India. Photo: Neil Palmer/CIAT
STOP BURNING AND INCREASE
PROFIT WITH ZERO TILLAGE
In New Delhi, 19 million inhabitants are under siege from a noxious haze generated by traffic, industries, cooking fires and the yearly burning of more than 30 million tons of rice straw from harvests in the neighboring states of Haryana and Punjab. However, farmers who deploy a sustainable agricultural technique known as zero tillage to sow wheat in rice-wheat rotations, the region’s chief cropping system, can help reduce smog in India’s capital, allowing urban dwellers to breathe more easily.

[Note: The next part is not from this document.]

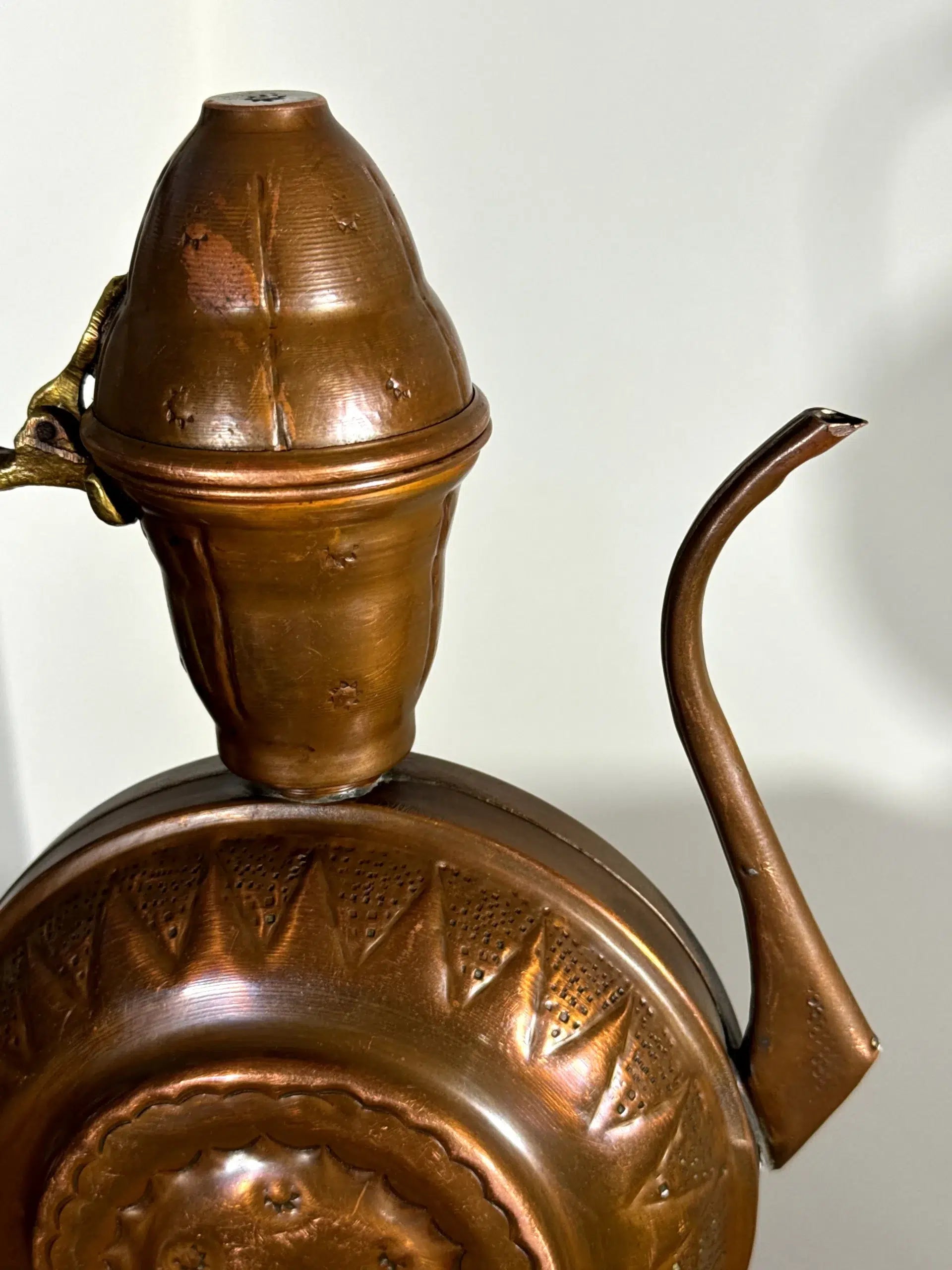 Tetera Tunecina de Cobre (Moringa) – Estilo Oriental Islámico, c. 1940-1950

Traditional tillage for sowing wheat in northern India involves removing or burning rice straw and driving tractor-drawn implements back and forth over fields to rebuild a soil bed from the rice paddy – a costly and protracted process. In zero tillage, wheat is sown directly into untilled soil and unburned rice residues in a single tractor pass, a method now practiced on some 1.8 million hectares in India. This successful technology builds on decades of work led by the International Maize and Wheat Improvement Center (CIMMYT) and national partners in South Asia.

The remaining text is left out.